Representatives of Afghan candidates check vote results in front of a polling station in Kabul on September 19.

Representatives of Afghan candidates check vote results in front of a polling station in Kabul on September 19.

Afghanistan's election body says it has nullified 1.3 million votes -- or nearly one-quarter of the ballots cast -- in last month's parliamentary election due to fraud or other irregularities.

The announcement was made by Fazil Ahmad Manawi, head of the Independent Election Commission (IEC), at a press conference in Kabul.

"The total number of valid counted votes is 4,265,347. This is a great success for Afghanistan considering the current situation," Manawi said. "Unfortunately, we have disqualified about 1,300,000 votes."

Manawi also hailed the turnout for the September 18 vote, put at around 40 percent. "Today, we are fortunate to be able to witness the great turnout of Afghans in these elections," he said. "We had very high turnout and we are proud of this, despite having to disqualify some of the votes."

The IEC also said the commission had also identified 224 candidates, around one-10th of the total, as "suspicious" over allegations of possible fraud.

Preliminary results were meant to be announced earlier this month but were postponed twice to allow more time for verification.

The commission said earlier this week that ballots from around 10 percent of the country's polling centers had been thrown out because of fraud.

The Electoral Complaints Commission still needs to rule on thousands of complaints lodged by observers, candidates, and voters, meaning it may be weeks before final results are released.

Election officials have hailed as a success the fact they were able to catch more than 1 million fraudulent ballots. But the large number of voided ballots indicates cheating was widespread, and is likely to raise questions over the validity of the outcome.

One observer expressing concern is Wadir Safi, professor of law and political science at Kabul University. Speaking to RFE/RL's Radio Free Afghanistan, Safi cast doubt on whether the commission had uncovered the full extent of the irregularities.

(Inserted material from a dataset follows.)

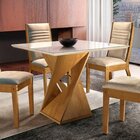 Mesa De Jantar Tampo Vidro Slim Plus 1,0x1,0m Gênova Espresso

"Those who are entering parliament by fraud would not have the required mandate," he says. "They would pay no attention to the people's services because they are coming in by using money or bullying or coming to the parliament when they don't have the required backing of the people."

In the country's second post-Taliban parliamentary election, more than 2,500 candidates stood for 249 seats in the lower house of parliament, the Wolesi Jirga, amid voter intimidation with Taliban militants warning voters not to take part.

The credibility of the election is expected to weigh on U.S. President Barack Obama's review of Washington's Afghanistan war strategy in December.

The latest election followed last year's presidential vote which was marred by widespread fraud and the invalidation of a similar proportion of the votes.